--- START ---

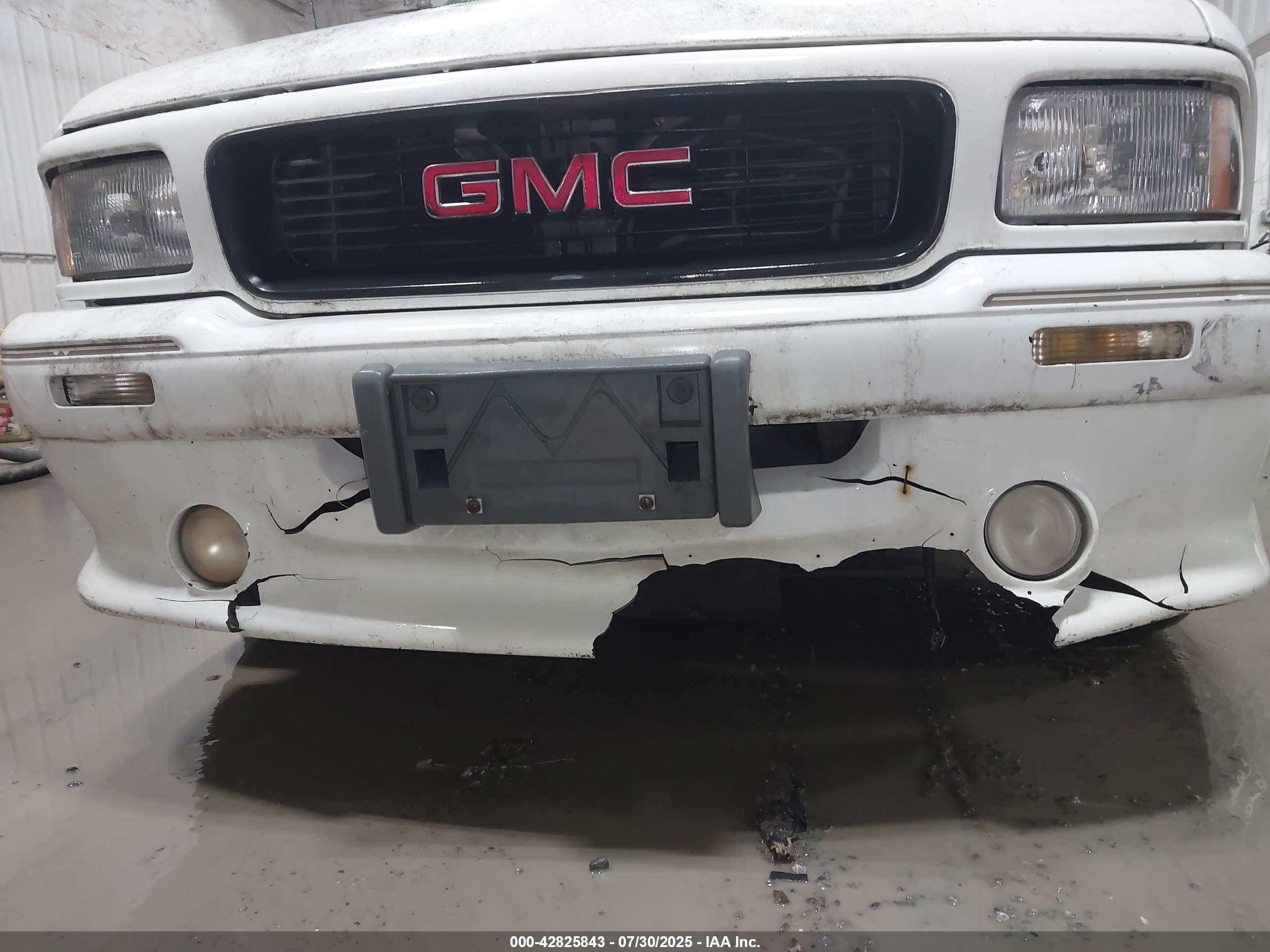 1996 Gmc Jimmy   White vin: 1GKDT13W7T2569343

--- END ---
--- START ---

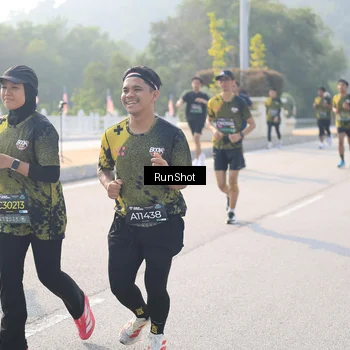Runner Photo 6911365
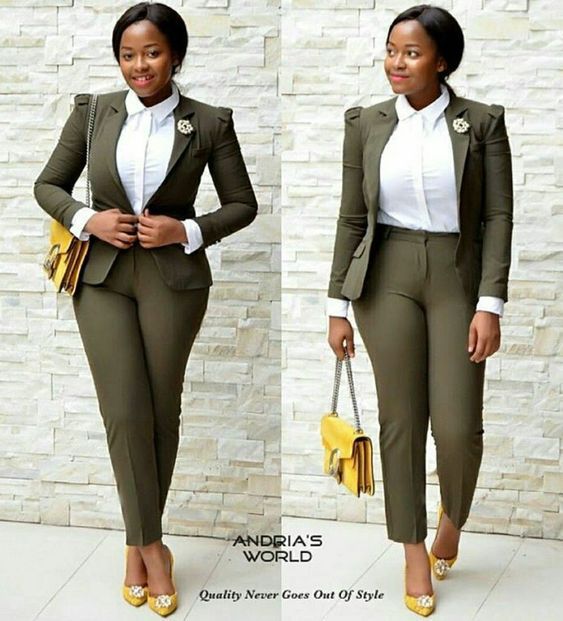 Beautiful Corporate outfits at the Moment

--- END ---

**DIRECTIONS:** Using the data above, transcribe exactly the lines between those containing "Runner Photo 6911365" and "Beautiful Corporate outfits at the Moment", inclusive, and leave every picture behind.

**SOLUTION FOR THIS TASK:**
Runner Photo 6911365
 Beautiful Corporate outfits at the Moment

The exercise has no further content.